Internet

Sulla libertà di parola ai tempi dei Social Network

11 Maggio 2015

Claudia Durastanti ha pubblicato su Minima & Moralia una riflessione sul senso delle parole ai tempi dei social network. Il pezzo si chiama Ho perso un lavoro per colpa di un tweet e descrive molto bene il senso di impotenza del ‘lavoro culturale’ ai tempi dell’universo mediale contemporaneo. Se scrivo queste righe non lo faccio per ragionare sulla questione di merito. Se sia giusto o meno che una scrittrice abbia perso una collaborazione per colpa di un tweet. Mi interessa invece ragionare sulle parole. Sul loro senso. Sulla nostra responsabilità. E sul loro peso in un panorama mediale ormai talmente ricco e frastagliato che rende ogni personaggio un personaggio ‘pubblico’ e, quindi, con un ruolo totalmente riconfigurato. Mentre scrivo queste righe, inoltre, altri più titolati di me hanno scritto sulla questione, come Giorgio Fontana e Andrea Coccia.

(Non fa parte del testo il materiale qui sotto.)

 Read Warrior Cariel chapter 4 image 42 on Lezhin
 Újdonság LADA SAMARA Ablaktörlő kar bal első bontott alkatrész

Negli ultimi mesi c’è stata un’escalation che, avvenimento drammatico dopo avvenimento drammatico, ha finito per far passare il messaggio – sbagliatissimo – che la «libertà di parola» voglia dire, sostanzialmente, «anarchia di parola». E il significato di tutto questo viene completamente travisato. Uso solo un caso come esempio, ed è il triste nodo di Charlie Hebdo. Da qualche mese, ogni qualvolta una discussione verte sul mettere o meno in luce le contraddizioni di qualsiasi pensiero, ogni qualvolta si argomenti contro il senso comune, ogni qualvolta si lavori per complicare la cornice di una realtà dove siamo abituati a dare risposte semplici, la risposta è sempre la stessa: Je suis ________ [inserire nome della causa: dal caso dei due marò ai taxisti contro Uber].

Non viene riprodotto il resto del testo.